The use of delayed, low-dose G-CSF plus chemotherapy for stem cell mobilization was feasible and provides further evidence supporting this potentially cost-effective strategy. A review of the literature supports our findings and emphasizes the need for larger studies to address this issue.
鉴于有可能控制成本,我们开展了一项试点研究,评估化疗后延迟使用低剂量粒细胞集落刺激因子(G-CSF)以采集外周血祖细胞(PBPCs)用于自体移植,并对相关文献进行了综述。
28例患有各种恶性肿瘤的患者接受了4 g/m²的环磷酰胺和170 mg/m²的紫杉醇治疗,随后从第5天开始给予300 μg/d或480 μg/d的G-CSF,直至每天进行两到四次大容量白细胞单采获得≥5.0×10⁶个CD34⁺细胞。我们检索了1990年至今的MEDLINE、Pubmed和EMBASE数据库,以识别关于化疗后延迟使用G-CSF(从第4天或更晚开始)采集PBPCs的论文。

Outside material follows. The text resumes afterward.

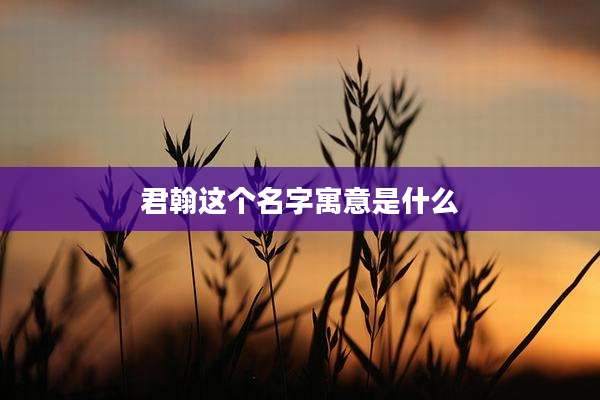 君翰这个名字寓意是什么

G-CSF的中位给药时间为9天,每70 kg患者的平均费用为1260美元。采集在化疗后中位12天开始。中位进行了2.5次(范围2 - 4次)单采,平均每日CD34⁺细胞采集量为6.9×10⁶/kg(范围0.35 - 56.7)。一次单采后,分别有82%和57%的患者采集到≥2.5×10⁶/kg和≥5.0×10⁶/kg的细胞。最终,89%的患者采集到≥5.0×10⁶/kg的细胞。分别有5例和2例患者发生了发热性中性粒细胞减少和导管相关感染。所有患者均进行了移植,并成功植入,输注细胞的中位数为14.9×10⁶/kg(范围1.05 - 113)。确定了11篇已发表的报告,涉及590例患者,其中498例在第4天至15天开始接受剂量范围为250 μg/d至10 μg/kg/d的G-CSF治疗4至9天以采集PBPCs。在这些报告中,分别有62%至100%和33%至96%的患者采集到≥2至2.5×10⁶个和≥5.0×10⁶个CD34⁺细胞。
延迟使用低剂量G-CSF联合化疗进行干细胞动员是可行的,并为这一潜在的具有成本效益的策略提供了进一步的证据。文献综述支持了我们的研究结果,并强调需要进行更大规模的研究来解决这个问题。